As I was grinding away on the elliptical trainer, one of the local TV Talking Heads opined that there wasn’t much going on this morning trafficwise. Not much going on newswise either. The big story: the Senate voted Saturday night to begin the debate over health-care reform. Ah, what have they been doing for the past nine months? Sheesh. At this rate someone will have to wheel me in for my death panel review.
But it’s the beginning of the holiday week. And for many this is the best holiday of the year. Unless you’re cooking (and admittedly, that’s a big unless), all you have to do is eat and try not to get too shitfaced and say something during dinner that will get you in life’s penalty box for the rest of the year or beyond. Woot.
It’s also a holiday with a practical purpose. Thanksgiving allows you to carbo load to prepare for the great American sporting event of shopping early and often on Black Friday. I wish I had the guts and stamina to participate in this mayhem, but as with the offering of sweet potatoes, I’ll pass again this year.
Many won’t. And that’s a good thing for our economy. But Black Friday really has become the equivalent of a blood sport. It’s the American version of the Running of the Bulls. And I’ll admit it, if I’m going to get trampled, it’s going to be for more than a wide-screen TV.

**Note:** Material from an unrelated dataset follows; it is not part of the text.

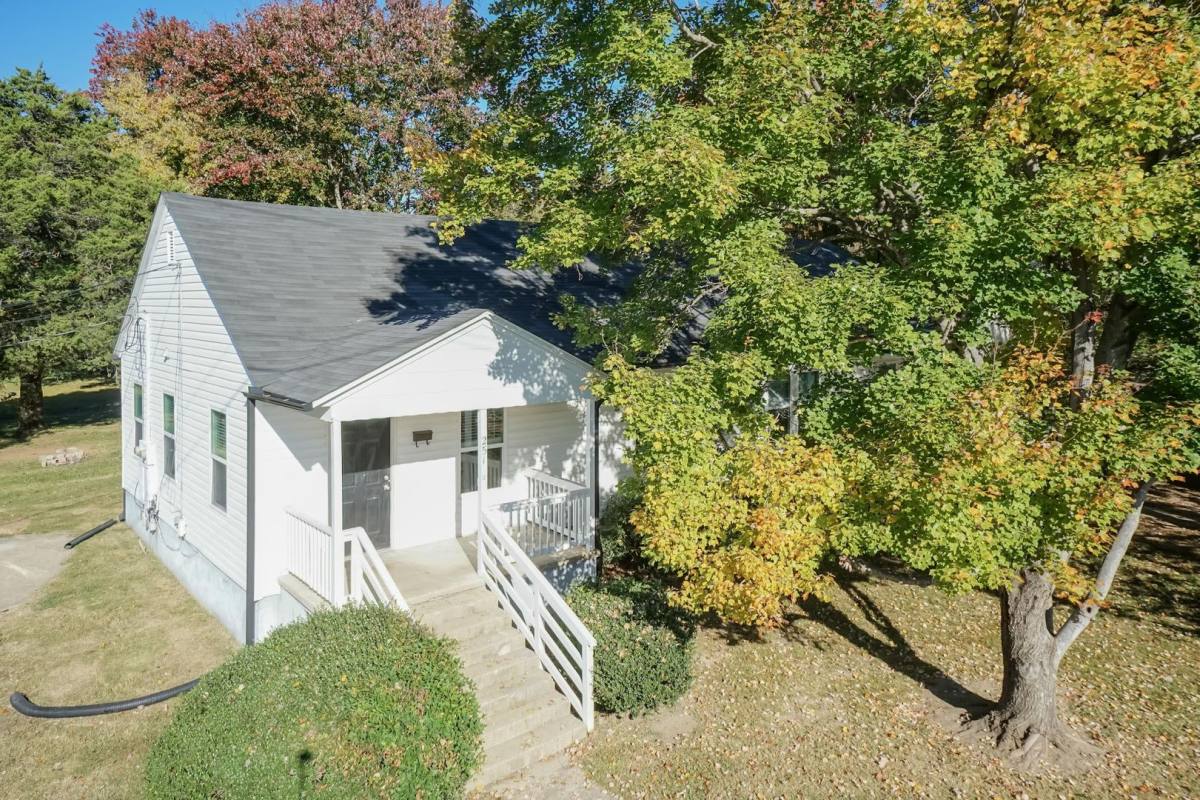 Apartment for rent at 251-253 E Mason St, Franklinton, NC 27525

OK, c’mon. This really is serious — and to a certain extent dangerous.
Last year a Wal-Mart employee was killed and 11 customers were injured at a story in New York during the shopping crunch. And like most of these incidents, it called attention to the problem and has led to some modifications in security and procedures at stores everywhere to try to reduce the danger. Here’s from a post by Eve Tahmincloghu on MSNBC.com, “Cloud from trampling hangs over Black Friday“:
Ogera Charles, the father of the 34-year old temporary Wal-Mart worker who died last year, said he hoped the company and shoppers will do whatever is needed to prevent a repeat of last year’s disaster.
“No one wants to die so young,” he said of his son, Jdimytai Damour.

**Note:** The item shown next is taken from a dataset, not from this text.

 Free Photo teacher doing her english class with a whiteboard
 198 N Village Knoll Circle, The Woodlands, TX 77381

Concerns about crowd control do not seem to have dampened enthusiasm among shoppers.
A holiday shopping survey from Accenture found that 52 percent of consumers polled said they planned to shop on Black Friday this year, up from 42 percent last year, when the financial crisis and resulting economic jitters were at their height.

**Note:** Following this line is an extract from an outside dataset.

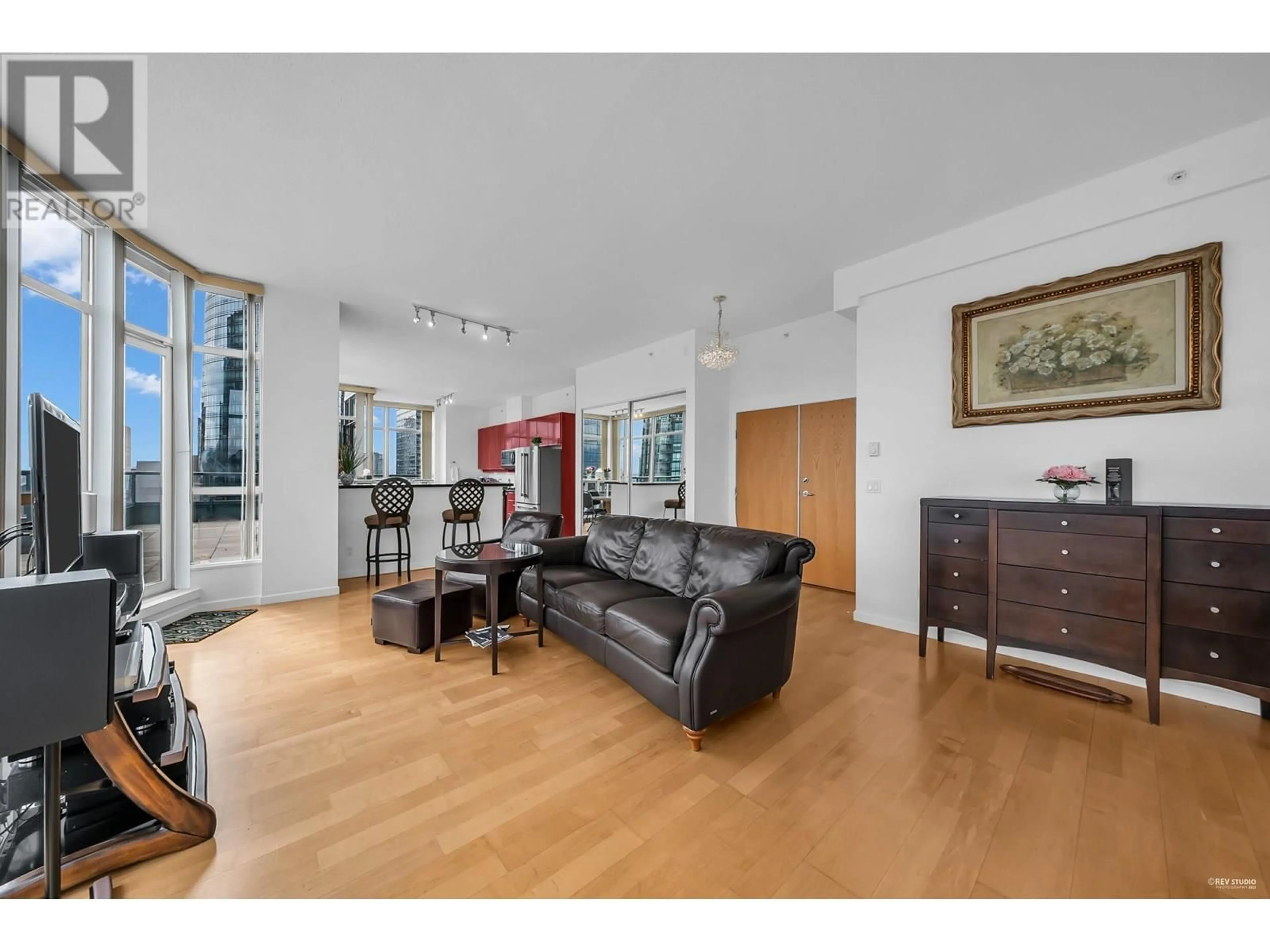 Unknown for 3402 - 1239 GEORGIA STREET, Vancouver British Columbia V6E4R8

“I actually think what happened last year may give more of mystique and cache to Black Friday this year,” said Richard Divine, expert in buyer behavior and chairman of the marketing department at Central Michigan University. People may think, he said, “If there’s that good a deal that people are getting killed over it, then maybe I have to check it out.”
“If there’s that good a deal that people are getting killed over it, then maybe I have to check it out.” Oh mama. Don’t let your babies grow up to be shoppers — on Black Friday.
I guess I could argue for civility here as a way to solve this problem — and ensure that everyone gets the opportunity to return home and enjoy Thanksgiving leftovers after the merchandise has been picked apart. But I’m becoming a realist in my dotage. Shoppers intent on getting a bargain will elbow Mother Teresa to the ground. Just sayin’.
So enjoy the Thanksgiving food and festivities. And enjoy the shopping if you must.
But as Sgt. Phil Esterhaus so aptly opined on Hill Street Blues: “Let’s be careful out there.”